Nice short and sweet.


----------



## psklt (Jan 5, 2016)

SnowDogWax said:


> Nice short and sweet.


Thanks, man! I can't bear to watch the dead spots of route finding/line picking in other people's videos let alone my own


----------



## psklt (Jan 5, 2016)




----------



## basser (Sep 18, 2015)

That looks really awesome man! My goal is to ride in conditions like that next season.


----------



## F1EA (Oct 25, 2013)

Looks like fun.

Riding with a camera (especially in trees is really hard - you either get off balance by the hand holding the camera, or smash the camera on innanimate objects... or get the camera lens full of snow).

I hate bringing the camera and filming. But love the footage. MAYBE next season I'll film some more.......


----------



## basser (Sep 18, 2015)

F1EA said:


> Looks like fun.
> 
> Riding with a camera (especially in trees is really hard - you either get off balance by the hand holding the camera, or smash the camera on innanimate objects... or get the camera lens full of snow).
> 
> I hate bringing the camera and filming. But love the footage. MAYBE next season I'll film some more.......
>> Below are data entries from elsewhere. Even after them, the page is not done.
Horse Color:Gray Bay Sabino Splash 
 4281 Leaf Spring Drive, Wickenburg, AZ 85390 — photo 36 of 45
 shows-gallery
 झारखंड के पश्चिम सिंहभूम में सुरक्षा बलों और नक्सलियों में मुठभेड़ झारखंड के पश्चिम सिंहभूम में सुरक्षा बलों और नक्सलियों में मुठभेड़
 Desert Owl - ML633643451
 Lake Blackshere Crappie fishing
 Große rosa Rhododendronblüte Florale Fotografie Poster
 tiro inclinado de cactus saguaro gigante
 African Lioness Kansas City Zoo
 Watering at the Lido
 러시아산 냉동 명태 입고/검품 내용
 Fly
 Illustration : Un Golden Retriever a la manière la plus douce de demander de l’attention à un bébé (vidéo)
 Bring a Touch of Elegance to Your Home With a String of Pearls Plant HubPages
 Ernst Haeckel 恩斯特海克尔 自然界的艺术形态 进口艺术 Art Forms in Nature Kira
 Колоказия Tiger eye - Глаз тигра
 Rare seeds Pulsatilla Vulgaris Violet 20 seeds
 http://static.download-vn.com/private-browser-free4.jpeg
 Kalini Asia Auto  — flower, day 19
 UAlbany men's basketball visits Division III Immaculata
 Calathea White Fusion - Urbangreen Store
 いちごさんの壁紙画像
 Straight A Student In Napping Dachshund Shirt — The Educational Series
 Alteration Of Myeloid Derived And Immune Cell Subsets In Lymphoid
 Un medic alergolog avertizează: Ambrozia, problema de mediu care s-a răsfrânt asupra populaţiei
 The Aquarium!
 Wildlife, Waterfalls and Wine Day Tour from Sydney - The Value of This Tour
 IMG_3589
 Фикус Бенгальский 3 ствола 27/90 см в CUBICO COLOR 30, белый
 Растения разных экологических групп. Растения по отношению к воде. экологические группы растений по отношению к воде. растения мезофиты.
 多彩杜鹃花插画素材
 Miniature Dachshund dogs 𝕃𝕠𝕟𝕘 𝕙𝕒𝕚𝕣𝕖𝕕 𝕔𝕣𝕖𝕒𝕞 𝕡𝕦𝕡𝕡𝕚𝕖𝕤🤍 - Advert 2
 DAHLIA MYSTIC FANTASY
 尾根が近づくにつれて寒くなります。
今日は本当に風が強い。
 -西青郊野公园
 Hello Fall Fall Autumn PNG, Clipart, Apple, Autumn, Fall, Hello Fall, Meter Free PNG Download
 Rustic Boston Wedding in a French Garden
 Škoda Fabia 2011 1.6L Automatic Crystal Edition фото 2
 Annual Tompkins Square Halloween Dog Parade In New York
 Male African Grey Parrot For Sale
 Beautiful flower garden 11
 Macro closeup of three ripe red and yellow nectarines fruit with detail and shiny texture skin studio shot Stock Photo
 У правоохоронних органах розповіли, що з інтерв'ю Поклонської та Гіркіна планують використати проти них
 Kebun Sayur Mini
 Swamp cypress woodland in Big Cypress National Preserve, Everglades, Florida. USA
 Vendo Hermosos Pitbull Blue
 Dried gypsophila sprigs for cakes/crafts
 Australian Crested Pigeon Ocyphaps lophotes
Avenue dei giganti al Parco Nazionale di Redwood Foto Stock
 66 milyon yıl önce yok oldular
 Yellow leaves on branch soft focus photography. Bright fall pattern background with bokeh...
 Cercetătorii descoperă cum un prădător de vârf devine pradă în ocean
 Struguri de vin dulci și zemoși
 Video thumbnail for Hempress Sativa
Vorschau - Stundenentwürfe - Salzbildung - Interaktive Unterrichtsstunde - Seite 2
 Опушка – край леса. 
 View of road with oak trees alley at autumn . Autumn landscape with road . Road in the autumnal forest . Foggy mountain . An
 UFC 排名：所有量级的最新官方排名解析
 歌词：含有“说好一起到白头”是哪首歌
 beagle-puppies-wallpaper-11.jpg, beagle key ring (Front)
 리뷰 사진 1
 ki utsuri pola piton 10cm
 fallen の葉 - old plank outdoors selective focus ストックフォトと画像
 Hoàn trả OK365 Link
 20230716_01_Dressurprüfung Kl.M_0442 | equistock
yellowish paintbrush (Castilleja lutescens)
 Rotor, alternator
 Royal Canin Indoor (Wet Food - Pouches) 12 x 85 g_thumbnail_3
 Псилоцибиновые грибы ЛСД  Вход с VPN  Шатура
Are you talking about filming yourself? Because you could always just strap the camera onto your chest or something, if you just want the view.


----------



## snowangel99 (Mar 11, 2016)

Love these! TFS. Awesome. Looks like so much fun


----------



## F1EA (Oct 25, 2013)

basser said:


> Are you talking about filming yourself? Because you could always just strap the camera onto your chest or something, if you just want the view.



Yeah filming yourself. Chest or helmet mount is ok to film others (and there's even better options)..... but for your own footage it sucks.


----------



## psklt (Jan 5, 2016)

basser said:


> That looks really awesome man! My goal is to ride in conditions like that next season.


Thanks, I appreciate that and hope you get the goods next season!



F1EA said:


> Looks like fun.
> 
> Riding with a camera (especially in trees is really hard - you either get off balance by the hand holding the camera, or smash the camera on innanimate objects... or get the camera lens full of snow).
> 
> I hate bringing the camera and filming. But love the footage. MAYBE next season I'll film some more.......


Thanks man. Agreed, I've gotten pretty good at not hitting it on branches or covering it with snow...but holding it especially on any kind of pole is super distracting to me and after a few minutes I feel like I'm paying more attention to the camera than just riding. 
Basically I try to only film a handful of runs on a good pow day or backcountry. The headstrap gets decent first person footage, but I've always been a fan of a third person perspective...more exciting to watch I guess



snowangel99 said:


> Love these! TFS. Awesome. Looks like so much fun


Thanks for watching! Luckily riding is pretty much always fun


----------